**TO DO**
Starting with the line containing "COLOCAN PRIMERA PIEDRA" and going on through the line containing "Jennifer Klinkosh - Poshmark", return the lines of the data below exactly, and only those.
= = = = =
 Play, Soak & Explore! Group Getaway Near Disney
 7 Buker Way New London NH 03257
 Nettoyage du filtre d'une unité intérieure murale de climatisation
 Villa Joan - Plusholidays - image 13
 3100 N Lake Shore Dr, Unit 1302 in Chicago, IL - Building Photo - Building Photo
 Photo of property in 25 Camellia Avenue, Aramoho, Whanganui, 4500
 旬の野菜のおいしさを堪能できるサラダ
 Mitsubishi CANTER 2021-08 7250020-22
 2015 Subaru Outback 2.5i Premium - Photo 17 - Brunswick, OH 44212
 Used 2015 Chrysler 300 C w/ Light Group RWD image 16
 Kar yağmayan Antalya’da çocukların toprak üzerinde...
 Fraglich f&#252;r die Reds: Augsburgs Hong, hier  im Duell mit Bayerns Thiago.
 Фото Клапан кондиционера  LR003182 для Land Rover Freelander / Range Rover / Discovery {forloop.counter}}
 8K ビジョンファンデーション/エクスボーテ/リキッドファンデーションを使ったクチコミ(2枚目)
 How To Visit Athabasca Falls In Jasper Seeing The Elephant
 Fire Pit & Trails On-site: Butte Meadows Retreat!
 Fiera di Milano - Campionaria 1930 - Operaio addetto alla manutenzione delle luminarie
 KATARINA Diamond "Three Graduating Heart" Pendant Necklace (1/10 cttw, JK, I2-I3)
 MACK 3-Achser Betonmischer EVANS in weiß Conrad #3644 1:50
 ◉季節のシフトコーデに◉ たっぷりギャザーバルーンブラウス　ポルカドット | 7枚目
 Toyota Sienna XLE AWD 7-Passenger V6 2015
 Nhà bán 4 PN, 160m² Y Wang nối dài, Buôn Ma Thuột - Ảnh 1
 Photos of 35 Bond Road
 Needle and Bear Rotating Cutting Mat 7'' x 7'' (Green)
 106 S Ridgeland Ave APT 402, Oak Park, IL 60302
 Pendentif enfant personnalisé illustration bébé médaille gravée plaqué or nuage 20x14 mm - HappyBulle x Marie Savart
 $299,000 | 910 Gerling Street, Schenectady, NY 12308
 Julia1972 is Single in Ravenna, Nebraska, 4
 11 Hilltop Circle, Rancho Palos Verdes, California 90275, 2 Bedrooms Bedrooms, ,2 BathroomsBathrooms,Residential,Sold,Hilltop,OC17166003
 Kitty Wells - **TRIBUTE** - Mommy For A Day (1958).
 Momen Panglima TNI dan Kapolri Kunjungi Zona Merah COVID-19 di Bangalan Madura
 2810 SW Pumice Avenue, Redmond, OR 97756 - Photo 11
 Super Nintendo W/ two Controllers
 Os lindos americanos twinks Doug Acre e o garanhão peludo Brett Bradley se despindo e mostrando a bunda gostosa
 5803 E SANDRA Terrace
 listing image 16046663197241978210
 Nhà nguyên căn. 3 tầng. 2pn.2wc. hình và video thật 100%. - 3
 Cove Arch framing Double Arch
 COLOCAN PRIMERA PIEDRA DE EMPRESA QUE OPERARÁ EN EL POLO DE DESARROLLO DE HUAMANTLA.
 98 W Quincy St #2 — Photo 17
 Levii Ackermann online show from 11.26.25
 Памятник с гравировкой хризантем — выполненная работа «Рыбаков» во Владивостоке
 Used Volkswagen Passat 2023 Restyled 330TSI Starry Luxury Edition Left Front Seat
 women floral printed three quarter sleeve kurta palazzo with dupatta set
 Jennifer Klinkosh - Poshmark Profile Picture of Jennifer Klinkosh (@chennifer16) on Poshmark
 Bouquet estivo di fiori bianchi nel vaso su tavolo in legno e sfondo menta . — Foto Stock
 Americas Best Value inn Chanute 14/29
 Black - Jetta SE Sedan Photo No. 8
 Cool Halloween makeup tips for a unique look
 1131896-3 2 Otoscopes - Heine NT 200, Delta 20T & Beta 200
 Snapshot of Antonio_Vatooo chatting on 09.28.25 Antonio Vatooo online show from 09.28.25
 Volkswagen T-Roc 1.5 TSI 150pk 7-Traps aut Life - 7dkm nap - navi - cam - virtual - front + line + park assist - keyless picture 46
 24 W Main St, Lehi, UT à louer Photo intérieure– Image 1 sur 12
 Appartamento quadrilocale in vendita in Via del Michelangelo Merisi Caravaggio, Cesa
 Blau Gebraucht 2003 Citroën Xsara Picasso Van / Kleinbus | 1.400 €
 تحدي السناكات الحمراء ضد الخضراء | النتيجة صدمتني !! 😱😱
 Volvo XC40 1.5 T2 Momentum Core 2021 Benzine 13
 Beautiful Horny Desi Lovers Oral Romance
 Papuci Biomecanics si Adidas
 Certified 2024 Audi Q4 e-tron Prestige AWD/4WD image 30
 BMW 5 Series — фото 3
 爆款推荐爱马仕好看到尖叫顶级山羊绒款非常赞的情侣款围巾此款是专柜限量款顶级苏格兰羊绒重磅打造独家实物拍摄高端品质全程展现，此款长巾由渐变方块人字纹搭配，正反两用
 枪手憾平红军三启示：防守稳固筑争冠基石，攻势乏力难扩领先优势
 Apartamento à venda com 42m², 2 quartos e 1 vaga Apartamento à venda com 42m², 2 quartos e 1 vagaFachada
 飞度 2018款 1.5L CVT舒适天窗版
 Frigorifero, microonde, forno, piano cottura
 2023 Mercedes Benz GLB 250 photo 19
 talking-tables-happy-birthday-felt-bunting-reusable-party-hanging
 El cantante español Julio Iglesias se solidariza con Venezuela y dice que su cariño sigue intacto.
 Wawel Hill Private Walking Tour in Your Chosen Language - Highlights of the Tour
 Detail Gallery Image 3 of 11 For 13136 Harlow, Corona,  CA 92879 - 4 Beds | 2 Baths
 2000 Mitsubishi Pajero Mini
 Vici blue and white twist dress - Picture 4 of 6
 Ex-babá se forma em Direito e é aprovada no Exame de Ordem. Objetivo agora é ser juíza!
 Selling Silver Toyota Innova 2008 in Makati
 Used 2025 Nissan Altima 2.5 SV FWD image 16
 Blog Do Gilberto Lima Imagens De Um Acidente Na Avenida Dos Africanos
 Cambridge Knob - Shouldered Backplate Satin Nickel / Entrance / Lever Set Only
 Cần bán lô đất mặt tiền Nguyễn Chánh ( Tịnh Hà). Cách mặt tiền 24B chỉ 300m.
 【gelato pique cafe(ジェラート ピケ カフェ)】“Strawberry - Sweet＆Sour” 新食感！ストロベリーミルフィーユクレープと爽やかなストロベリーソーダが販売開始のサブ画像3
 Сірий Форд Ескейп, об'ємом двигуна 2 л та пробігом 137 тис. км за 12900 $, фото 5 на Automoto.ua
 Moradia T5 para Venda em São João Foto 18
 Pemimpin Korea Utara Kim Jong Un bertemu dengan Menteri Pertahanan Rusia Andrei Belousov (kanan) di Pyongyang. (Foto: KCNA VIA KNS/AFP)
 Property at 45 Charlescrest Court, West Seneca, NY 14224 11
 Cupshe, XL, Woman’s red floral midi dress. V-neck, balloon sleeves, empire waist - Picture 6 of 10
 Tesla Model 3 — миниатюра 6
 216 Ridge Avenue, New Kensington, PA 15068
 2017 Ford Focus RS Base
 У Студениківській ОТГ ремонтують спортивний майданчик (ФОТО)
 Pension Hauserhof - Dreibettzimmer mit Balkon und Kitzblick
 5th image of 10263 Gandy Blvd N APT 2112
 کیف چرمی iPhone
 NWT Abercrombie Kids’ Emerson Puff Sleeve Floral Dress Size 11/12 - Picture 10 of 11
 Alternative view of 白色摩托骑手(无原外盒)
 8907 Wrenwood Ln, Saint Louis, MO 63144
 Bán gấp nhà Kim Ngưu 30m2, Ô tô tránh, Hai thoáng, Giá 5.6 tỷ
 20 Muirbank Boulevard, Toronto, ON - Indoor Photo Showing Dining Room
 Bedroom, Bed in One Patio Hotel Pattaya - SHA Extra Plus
= = = = =
**RESPONSE FOR THIS EXERCISE**
 COLOCAN PRIMERA PIEDRA DE EMPRESA QUE OPERARÁ EN EL POLO DE DESARROLLO DE HUAMANTLA.
 98 W Quincy St #2 — Photo 17
 Levii Ackermann online show from 11.26.25
 Памятник с гравировкой хризантем — выполненная работа «Рыбаков» во Владивостоке
 Used Volkswagen Passat 2023 Restyled 330TSI Starry Luxury Edition Left Front Seat
 women floral printed three quarter sleeve kurta palazzo with dupatta set
 Jennifer Klinkosh - Poshmark Profile Picture of Jennifer Klinkosh (@chennifer16) on Poshmark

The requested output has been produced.